C'est que du travail, il n'en manque pas pour les trois hommes, dont l'une des missions est d'organiser les vols. "En fonction de la météo et des simulations de vol, nous devons tracer la meilleure route possible. Une fois ceci fait, il nous faut prendre contact avec les services aériens des pays concernés" , détaille encore Niklaus Gerber. Solar Impulse est-il malgré tout bien accueilli à l'étranger? Yves-André Fasel se lance: "Au niveau militaire, on ne fait pas peur à beaucoup de monde. Le souci, c'est qu'on vole sur des couloirs aériens empruntés par les vols de ligne... Seulement, nous volons très lentement. C'est comme si vous alliez sur l'autouroute et rouliez à 10 km/h! Sans compter que l'appareil est en constant mouvement entre 1500 et 8500 mètres d'altitude!" Oui, l'avion n'est pas rapide, on s'en doutait bien, mais, faut-il encore le rappeler, il vole à la seule force de l'énergie du soleil.
Préparer les vols aériens, donc, mais aussi faire le lien avec les différentes salles de contrôle aérien des pays traversés par l'avion suisse. "Il est clair que le fait d'avoir été contrôleurs aériens nous permet de mieux comprendre nos interlocuteurs à l'étranger" , poursuit Yves-André Fasel. Niklaus Gerber rajoute: "Il faut beaucoup de feeling dans cette mission, connaître les impératifs de nos interlocuteurs pour faire au mieux."
Un travail permanent
A Monaco, les trois amis du district de Nyon logent à l'hôtel depuis février, et resteront sur place jusqu'à la fin de la mission, probablement en juin, voire juillet. "Oui, on peut dire que la vie à Monaco est agréable" , détaille Martin Byrner. "Même si on en a un peu marre de manger toujours au restaurant, qu'on aimerait bien cuisiner un plat maison" , rajoute Yves-André Fasel. Mais tout ce beau monde, jusqu'à 25 personnes, n'est pas sur la Côte d'Azur pour le tourisme. Les journées de travail sont longues. "En fait, nos heures de travail sont calquées sur les fuseaux horaires des pays survolés, mentionne Niklaus Gerber. Il nous arrive donc de vivre un jet-lag sans même voyager!"
Un peu de légèreté
Et pendant les vols, parlent-ils eux-mêmes à André Borschberg ou Bertrand Piccard? Niklaus Gerber raconte: "Il y a une personne, le Speaker, chargée de communiquer avec les pilotes. Une seule personne. Mais nous sommes dans la même pièce et nous entendons les conversations. Vous savez, un pilote peut être aux commandes jusqu'à 17 heures d'affilées. Et le prochain vol au-dessus du Pacifique, ce sera cinq jours! Il faut donc maintenir une liaison avec lui, le garder en alerte." Et bien sûr, aussi, le distraire. "Oui, nous leur racontons des blagues, comme dans la vie de tous les jours. Et on leur donne les résultats sportifs ou les actualités" , ajoute Yves-André Fasel.
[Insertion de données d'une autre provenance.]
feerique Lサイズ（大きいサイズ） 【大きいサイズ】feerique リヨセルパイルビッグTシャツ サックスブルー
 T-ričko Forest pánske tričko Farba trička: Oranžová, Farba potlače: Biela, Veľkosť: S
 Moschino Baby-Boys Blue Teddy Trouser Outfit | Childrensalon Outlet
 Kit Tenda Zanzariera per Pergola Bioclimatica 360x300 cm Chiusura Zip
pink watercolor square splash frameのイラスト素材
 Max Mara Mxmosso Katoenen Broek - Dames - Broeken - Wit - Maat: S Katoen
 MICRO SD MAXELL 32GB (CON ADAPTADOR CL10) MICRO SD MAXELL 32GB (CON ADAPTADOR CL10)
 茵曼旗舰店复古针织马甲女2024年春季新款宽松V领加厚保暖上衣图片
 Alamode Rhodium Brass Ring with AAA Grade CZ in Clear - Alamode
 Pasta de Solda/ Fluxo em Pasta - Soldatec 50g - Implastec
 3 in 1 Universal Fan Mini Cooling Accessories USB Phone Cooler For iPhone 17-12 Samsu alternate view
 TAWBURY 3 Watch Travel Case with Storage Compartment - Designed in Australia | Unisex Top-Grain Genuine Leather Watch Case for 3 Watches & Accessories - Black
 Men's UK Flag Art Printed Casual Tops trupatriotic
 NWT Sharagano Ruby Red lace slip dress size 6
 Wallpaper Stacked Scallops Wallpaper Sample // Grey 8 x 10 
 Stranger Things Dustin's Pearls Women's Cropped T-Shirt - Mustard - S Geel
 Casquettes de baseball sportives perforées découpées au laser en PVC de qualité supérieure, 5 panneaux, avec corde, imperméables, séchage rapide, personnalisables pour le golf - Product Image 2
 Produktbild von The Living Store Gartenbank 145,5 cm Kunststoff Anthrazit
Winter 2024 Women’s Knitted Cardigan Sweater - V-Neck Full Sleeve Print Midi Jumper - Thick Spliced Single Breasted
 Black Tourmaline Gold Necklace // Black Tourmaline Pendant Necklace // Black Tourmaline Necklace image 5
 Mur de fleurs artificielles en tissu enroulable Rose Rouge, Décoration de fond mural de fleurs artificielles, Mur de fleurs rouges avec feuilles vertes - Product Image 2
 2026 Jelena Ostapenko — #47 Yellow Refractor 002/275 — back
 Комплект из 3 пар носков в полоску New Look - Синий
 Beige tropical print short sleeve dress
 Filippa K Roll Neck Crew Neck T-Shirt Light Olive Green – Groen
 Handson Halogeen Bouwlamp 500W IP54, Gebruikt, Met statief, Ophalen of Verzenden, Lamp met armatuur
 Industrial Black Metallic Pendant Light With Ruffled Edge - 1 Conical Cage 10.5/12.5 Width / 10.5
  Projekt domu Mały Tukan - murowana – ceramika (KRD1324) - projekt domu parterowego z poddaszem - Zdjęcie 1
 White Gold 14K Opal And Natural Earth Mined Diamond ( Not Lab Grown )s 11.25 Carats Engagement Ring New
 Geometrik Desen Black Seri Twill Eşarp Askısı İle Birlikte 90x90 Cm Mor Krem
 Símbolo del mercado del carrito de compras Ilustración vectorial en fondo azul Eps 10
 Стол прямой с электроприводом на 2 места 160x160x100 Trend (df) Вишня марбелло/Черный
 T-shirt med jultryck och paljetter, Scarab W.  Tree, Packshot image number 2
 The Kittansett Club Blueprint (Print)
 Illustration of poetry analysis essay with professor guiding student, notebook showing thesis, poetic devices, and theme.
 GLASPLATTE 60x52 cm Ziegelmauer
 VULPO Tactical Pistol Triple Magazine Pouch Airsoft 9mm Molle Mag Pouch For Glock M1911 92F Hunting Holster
Loin de leur famille donc, mais tous conscients de la chance qui est la leur de participer à une telle aventure. "Je suis le dernier arrivé et j'ai tout fait pour pouvoir avoir une chance d'intégrer Solar Impulse, détaille Martin Bryner. L'an passé , j'ai refusé divers mandats professionnels avec le secret espoir que l'équipe de Solar Impulse m'appelle. Et c'est arrivé!" Les deux autres compères confirment: "Oui, c'est une chance. D'ailleurs, parfois déjà, une sorte de nostalgie nous prend et on se dit alors: "Mais qu'est-ce qu'on fera quand toute cette aventure sera terminée?"
Avant cela, bien sûr, les trois anciens contrôleurs aériens ont encore du pain sur la planche. Prochain objectif, le vol allant de la Chine jusqu'à Hawaï, traversant le Pacifique. De longues nuits de veille en perspective...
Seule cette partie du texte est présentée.